The rate of vibration of a string under constant tension is inversely proportional to the length of the string. a. Write an equation for the vibration rate of a string, \(v,\) as a function of its length, \(l\). b. If a 48 -inch string vibrates 256 times per second, then how long is a string that vibrates 512 times per second? c. In general, it can be said that if the length of the string increases, the vibration rate will d. If you want the vibration rate of a string to increase, then you must the length of the string. e. Playing a stringed instrument, such as a guitar, dulcimer, banjo, or fiddle, requires placing your finger on a fret, effectively shortening the string. Doubling the vibration produces a note pitched one octave higher, and halving the vibration produces a note pitched one octave lower. If the number of vibrations decreased from 440 to 220 vibrations per second, what happened to the length of the string to cause the change in vibration?

(Graphing program recommended.) Graph \(y=x^{4}\) and \(y=4^{x}\) on the same grid. a. For positive values of \(x\), where do your graphs intersect? Do they intersect more than once? b. For positive values of \(x\), describe what happens to the right and left of any intersection points. You may need to change the scales on the axes or change the windows on a graphing calculator in order to see what is happening. c. Which eventually dominates, \(y=x^{4}\) or \(y=4^{x} ?\)

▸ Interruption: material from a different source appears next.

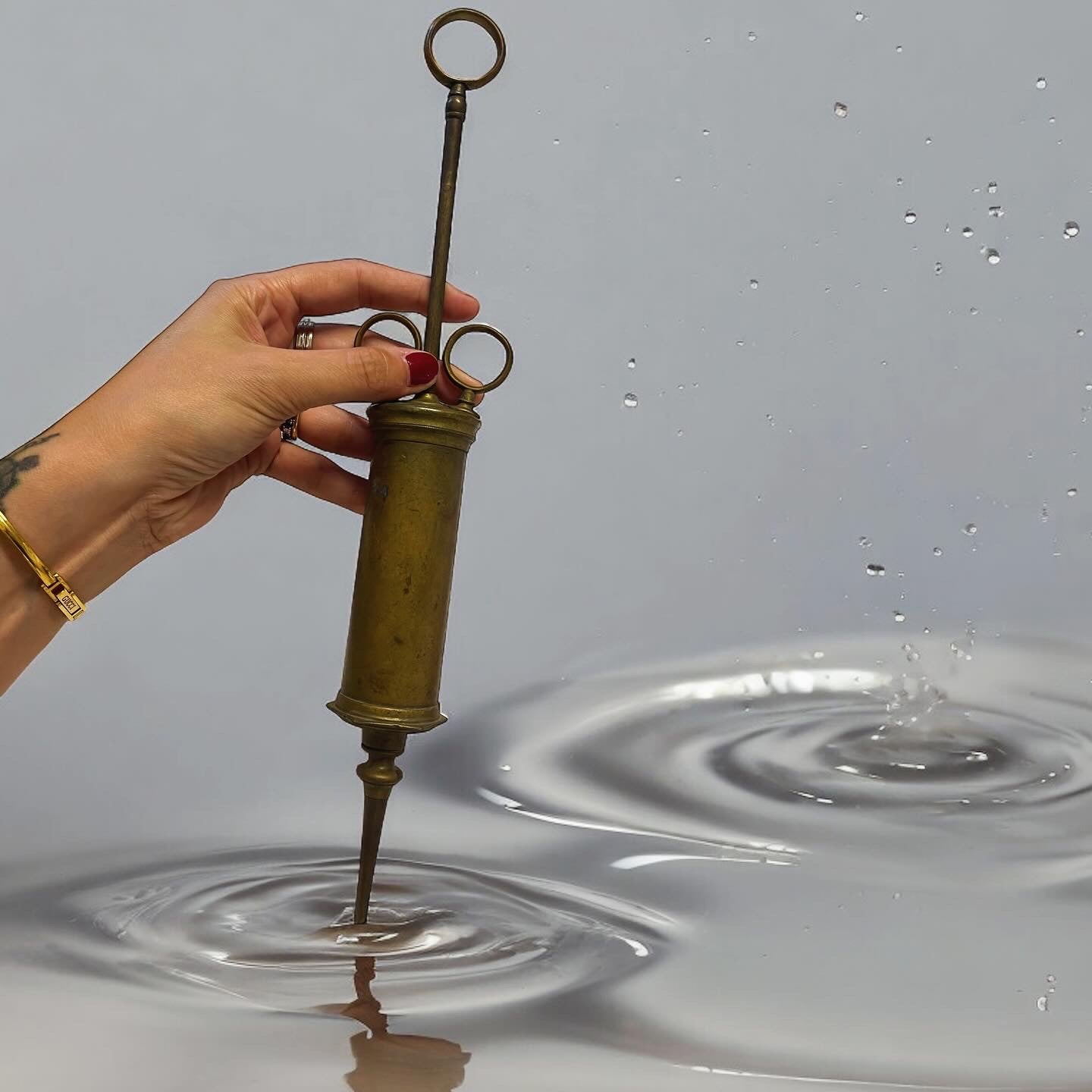 Large antique brass syringe from the late 19th century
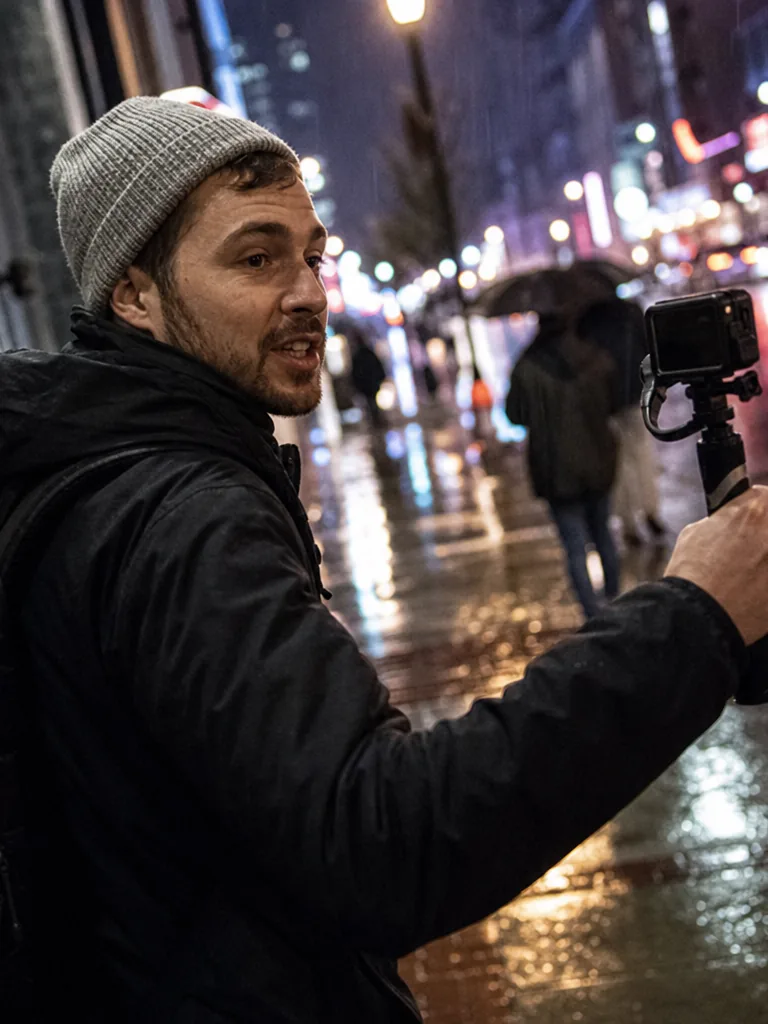 A vlogger filming himself with a handheld gimbal camera on a neon-lit city street at night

(Graphing program optional.) Evaluate each of the following functions at \(0,0.5,\) and \(1 .\) Then, on the same grid, graph each over the interval [0,1] . Compare the graphs. a. \(y_{1}=x \quad y_{2}=x^{1 / 2} \quad y_{3}=x^{1 / 3} \quad y_{4}=x^{1 / 4}\) b. \(y_{5}=x^{2} \quad y_{6}=x^{3} \quad y_{7}=x^{4}\)

Assume \(Y\) is directly proportional to \(X^{3}\). a. Express this relationship as a function where \(Y\) is the dependent variable. b. If \(Y=10\) when \(X=2\), then find the value of the constant of proportionality in part (a). c. If \(X\) is increased by a factor of 5 , what happens to the value of \(Y ?\) d. If \(X\) is divided by \(2,\) what happens to the value of \(Y ?\) e. Rewrite your equation from part (a), solving for \(X .\) Is \(X\) directly proportional to \(Y ?\)

a. An insulation blanket for a cylindrical hot water heater is sold in a roll 48 in \(\times 75\) in \(\times 2\) in. Assuming a hot water heater 48 inches high, for what diameter water heater is this insulation blanket made? (Round to the nearest \(\frac{1}{2}\) inch.) b. What is the volume of the hot water heater in part (a)? ( Note: Ignore the thickness of the heater walls.) c. If 1 gallon \(=231\) in \(^{3},\) what is the maximum number of gallons of water that a cylinder the size of this water heater could hold?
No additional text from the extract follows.